Buenos Aires. Abgeordnete der rechten Partei "La libertad avanza" (Die Freiheit schreitet voran) haben die Bildung einer "Antipiquetero"-Bewegung angekündigt. Piquetes nennt man in Argentinien die Straßenproteste, bei denen zeitweilig der Verkehr unterbrochen wird. Piqueteros sind die Teilnehmenden, die in einem losen Netzwerk von linken Gruppierungen organisiert sind. Es handelt sich dabei um eine sehr übliche Protestform in Argentinien, vor allem in der Hauptstadt und seinem Ballungsgebiet.

Ramiro Marra, Abgeordneter im Stadtparlament, erklärte, dass die Bewegung die Verkehrsunterbrechungen verhindern und gegen die Proteste dahinter vorgehen will. Zu diesem Zweck sollten die Teilnehmer und Organisatoren digital erfasst und vor der Justiz angezeigt werden. Er bezog sich dabei auf den Artikel 14 der Verfassung, der freie Bewegung garantiert, und auf Paragraph 194 des Strafgesetzbuchs, der die Behinderung derselben unter Strafe stellt. Er erklärte, dass die Initiative "ohne Gewalt" wirken sollte, und forderte seine Anhänger auf, sich nicht auf den Straßen, sondern digital zu mobilisieren. Die Initiative wolle ferner die Unterbrechungen dokumentieren und deren wirtschaftliche Folgen zeigen. Seine Partei stellte auch eine Gesetzesvorlage vor, die Demonstrationen in der Stadt an Wochentagen verbieten soll.

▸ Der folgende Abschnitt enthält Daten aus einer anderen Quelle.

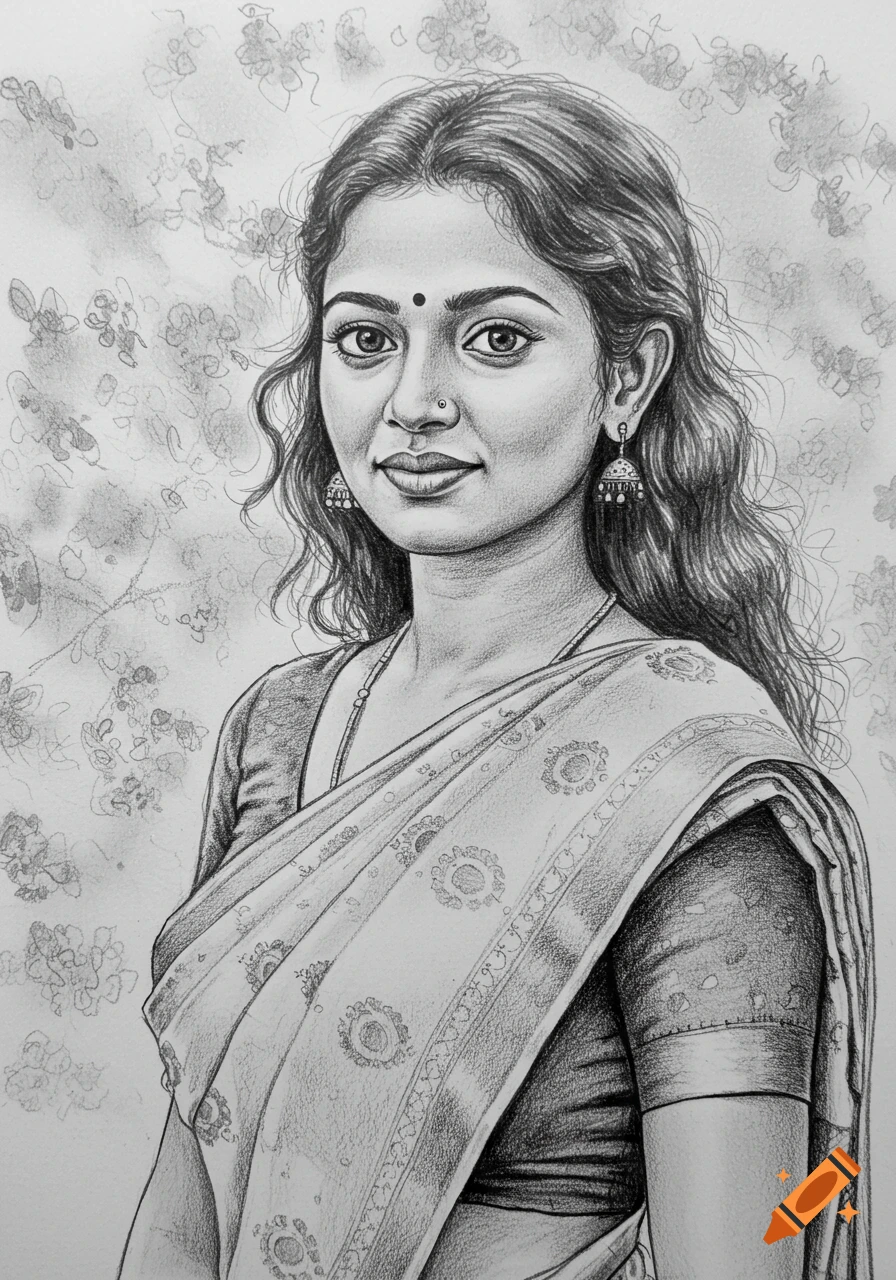 Pencil sketch of a young South Indian woman with long wavy hair, a bindi, nose stud, and jhumka earrings, wearing a saree, smiling slightly.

Die Abgeordnete der linken PTS-FITU, Alejandrina Barry, kritisierte den Vorschlag und erinnerte daran, dass Marra und seine Anhänger selber mehrfach Proteste durchgeführt (z.B. gegen die Covid-Einschränkungen) und dabei den Verkehr behindert hätten. Ihr Ziel wäre also nicht der Protest an sich, sondern die Kriminalisierung der sozialen Bewegungen, die sich gegen eine künftige neoliberale Politik stellen könnten.

Marra gehört zu der Partei, die von Javier Milei angeführt wird, einem neoliberalen Ökonomen, der für seine schrägen Auftritte und seine extremen Ansichten bekannt wurde. Die Partei schnitt bei den letzten Wahlen überraschend gut ab und konnte gleich fünf Abgeordnete im Parlament platzieren.

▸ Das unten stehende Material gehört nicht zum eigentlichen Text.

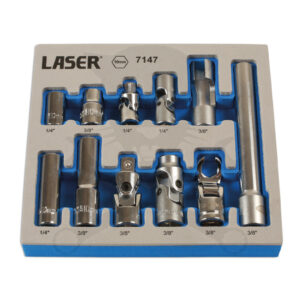 Dugókulcs és adapter készlet 10 mm-es Master készlet 1/4" - 3/8" - Laser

Milei war in seiner Jugend Profifussballer und Sänger in einer Rockband und begann seine politische Tätigkeit nach dem Studium der Wirtschaft als Berater des berüchtigten Ex-Generals Antonio Bussi, während dessen kurzer Zeit im Parlament und vor seiner Verurteilung wegen Verbrechen gegen die Menschheit.

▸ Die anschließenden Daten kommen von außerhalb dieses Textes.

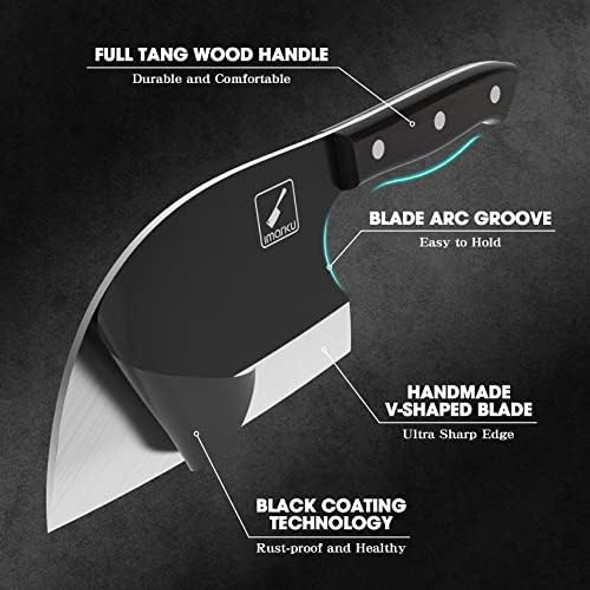 Imarku 7 Inch Butcher Knife And Cleaver High Carbon Steel Ultra Sharp Kitchen Knife With Ergonomic Handle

Bekannt wurde Milei über das Fernsehen, wo er gerne zu Talkshows und Politprogrammen eingeladen wurde. Seine extravaganten Auftritte, seine Tiraden gegen die "Politkaste" und seine extremen Vorschläge (wie z.B. Auflösung der Zentralbank oder Privatisierung aller Straßen) sorgten für Unterhaltung und hohe Einschaltquoten. Seine simplen Vorschläge fanden bei den letzten Wahlen unter enttäuschten Wählern anderer Parteien erheblichen Anklang. Milei selbst verglich sich bereits mit Donald Trump.